Литмир - Электронная Библиотека
Содержание  
A
A

Шведский уполномоченный, который их вез, был схвачен толпой и едва не убит. Чтобы спастись, он сослался на Федора Емельянова: этот зажиточный купец, доверенное лицо Москвы, выполнял функции регионального полпреда в торговых и иных деловых связях Руси с заграницей. У него хранились не только служебная переписка, но и некоторые товары, принадлежавшие госказне. Емельянову поручили докупить у населения недостающую часть зерна для расчета со шведами. С ним сотрудничали представители местной власти, среди которых был и Ордин-Нащокин. В доме Емельянова, которого посчитали виновником «воровства», обнаружили относящийся к делу документ — записку, которая оканчивалась словами: «А сего бы нашего указа никто у вас не ведал». Бунтовщики решили, что речь идет о предательском сговоре купца со шведами; ему вместе с Ординым-Нащокиным, вовремя предупрежденным верными людьми, удалось скрыться, избежав неминуемой расправы. Несчастного шведа подвергли в центре города, на глазах у всех, допросу с пристрастием, добиваясь признания в сговоре с «ворами» из местного начальства.

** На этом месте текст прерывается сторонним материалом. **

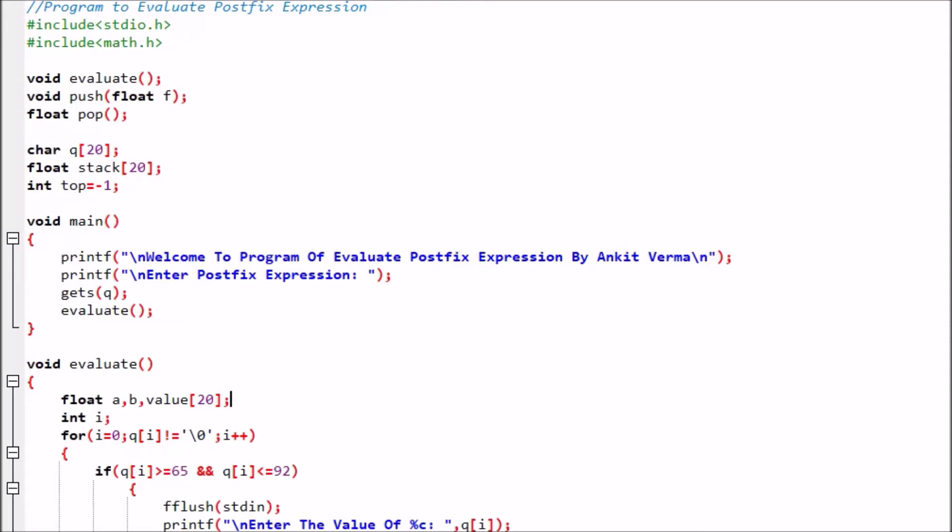Today we are starting a C program for evaluating the postfix expression. We know that whenever the operator appears after the operand, that is called a postfix expression. We will use this program to solve it.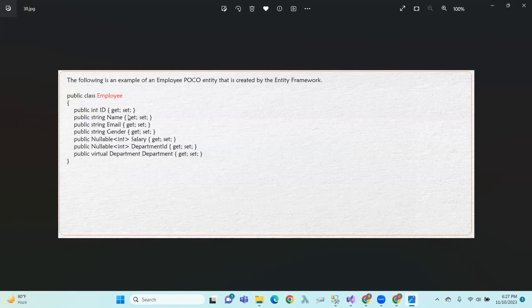So, in the department, we have ID, name, email, gender, salary, and department ID. So, we can see these as the main objects.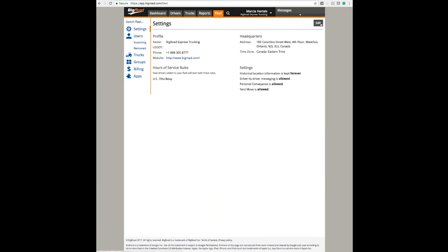If you don't see the Edit button, that means that you're not an administrator, and you will need to have the administrator of the account log in to make these changes.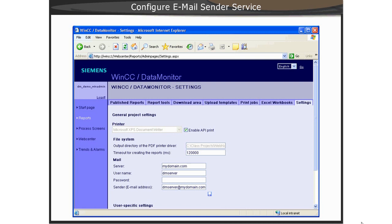Then you enter in the username and password of the email account for the email client on the Data Monitor Server. Finally, you enter the full email address in the sender email text box.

Сходным образом развивались события в Новгороде. Здесь нехватку резервов власть вынуждена была восполнять скупкой хлебных излишков у населения. Торг с крестьянами проходил под диктовку уполномоченных по заниженным ценам. У населения возникли панические настроения, поскольку принадлежавшее им зерно шло не только на пропитание, но и на прокорм скота и винокурение, то есть изготовление спирта. Призыв властных людей к населению не препятствовать заготовке зерна в целях погашения госдолга, удержаться от неумеренной скупки хлеба, чтобы не вызвать его нехватку, породил новую волну слухов, взвинчивание цен, ажиотаж на рынке. Молва об идущей к «немцам» государевой казне породила у новгородцев желание ее перехватить. Под руку подвернулся, как уже потом стало ясно, оказавшийся ни при чем датский посланник Граб. Он, остерегаясь неприятностей, решил следовать через Новгород ночью. Этот «немец» также был избит и ограблен. Бунтовщики разгромили официальные учреждения, избили нескольких чиновников и даже митрополита Никона, что для религиозного населения того времени было особенно дико. Любопытно, что в своем докладе царю Никон не коснулся причин того, что послужило поводом вымещения на нем ярости бунтовщиков. Вероятнее всего, дело заключалось в том, что митрополит, недавно назначенный в Новгород, стал разворачивать там свою кабацкую реформу.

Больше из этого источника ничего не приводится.